Turn dough out onto a lightly floured surface. Knead in enough of the remaining flour (if you need to) to make a moderately soft dough that is smooth and elastic (3 to 5 minutes total). Place dough in a lightly greased bowl, turning once to grease the surface. Cover and  let rise in a warm place until double in size (for 1-1/2 hours – 2 hours).

Punch dough down. Turn dough out onto a lightly floured surface (flour only if dough is sticky). Divide dough in half. Cover and let rest 10 minutes. Line 2 baking sheets with parchment.

Roll each dough half into a 16×8 inch rectangle, about an 1/8 inch thick. Cut each rectangle into 8 4×4 squares. Place a large, heaping tablespoon of poppy seed filling OR Nutella OR a pile of shredded halvah onto the center of each square. Brush the four corners of each square with water. Draw the corners up and gently press together. Secure with a toothpick. Place on lined  baking sheets, 2 inches apart. Let rise in a warm place until nearly double (I used my oven (OFF) with the light on).




Brush with an egg wash made with one egg beaten with a tablespoon of milk or cream. Bake in a 375 degree F oven for 12 to 15 minutes or until golden. Transfer to wire racks; cool completely. Remove toothpicks.

*** For the halvah, I decided to just make a roll.  I used some nutella, and put a blob of stringy halvah in the center. Next time I will just sprinkle the halvah over the whole surface.  Both methods work – rolls and the squares.  I’m guessing you can also cut the rolls, put into a pan or muffin cups and make spirals. THIS RECIPE SEEMS INFALLIBLE!




  1. Hi Rachel, Poppyseed, Halvah and Nutella: well that covers three of the most important food groups, does it not? I’ll definitely try this out.
    I’m fascinated by your easy-to-make poppyseed filling though. Do you grind the seed before cooking (as seems to be the German way) or after is has been blanched and soaked? I associate making these fillings with never ending mincing or putting fillings painstakingly through a coffee grinder. Do please share. My poppyseed loving family will be eternally grateful.


    Am I mistaken, or are these very much like Hamantaschen?

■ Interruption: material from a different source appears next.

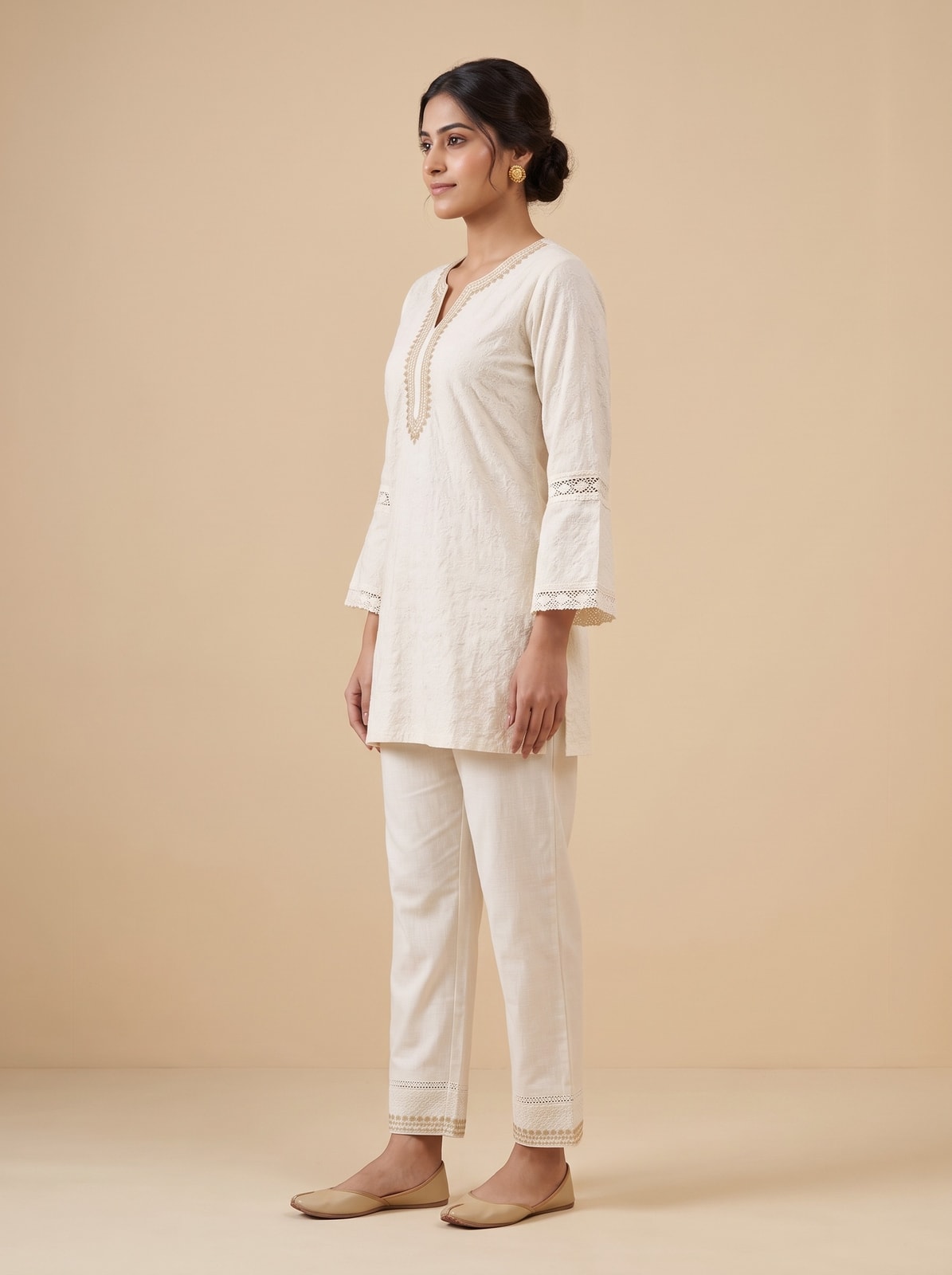White Pure Cotton Schiffli Top Bottom Set - Image 3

    1. You are my kind of girl!

      These are more like filled challah or broiche in terms of texture. More of a danish, less like a cookie than hamentashen.

      I never really thought of grinding the seeds, but it might be worth it. I usually do the filling without a recipe, but here goes, understanding it is all a guesstimate:

      1 cup poppy seeds
      1/2 cup milk or water
      1/4 cup honey (sugar works in a pinch)
      1/4 cup chopped raisins or dates IF YOU LIKE. adjust the honey/sugar depending if you add these.

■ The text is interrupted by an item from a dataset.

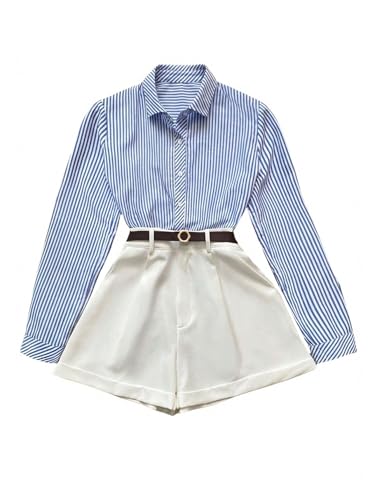 WDIRARA Women's 2 Piece Outfits Striped Button Up Shirts Shorts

      Combine the filling ingredients in a saucepan. Cook over low heat until it thickens, stirring often. Set filling aside to cool.

      1. Hehehe…

        But Nutella Hamentaschen – consider the possibilities…

        Actually I’m not sure how the nutella would cope with the oven heat in the open center of the cookie. Worth an experiment?

        If it works another possibility would be thumbprint cookies done with nutella in place of the jam – extra elegant if you rolled each cookie in ground or chopped hazlenuts first.

        Grinding your poppyseeds is a monumental pain the behind, but does leave you with the most beautiful soft, black deliciousness. You’ve just got to really love the people you are baking for.

        I bought a Czech poppy seed grinder. Useless on blanched poppyseed, so I borrowed my grandmother’s from my Aunty. But my German friends tell me they grind the seed dry. Next time I’m feeling strong enough for a session, I’ll let you know how it went.

        Your recipe looks much like mine. It calls on sugar for sweetness and honey for flavour. I like to use jumbo golden sultanas instead of raisins – they plump up beautifully. It’s not at all traditional, but I find a little orange zest can add an interesting dimension, but a little goes a long way.


      2. I think the nutella will be ok – a glob oozed out of the “yummies” and it was ok – just kind of crusty (not in a bad way). I will try it for sure! I like the orange zest addition – sometimes I actually add it to my hamentashen dough (it is really good for apricot, prune and poppy). Hmm… I feel a batch coming on!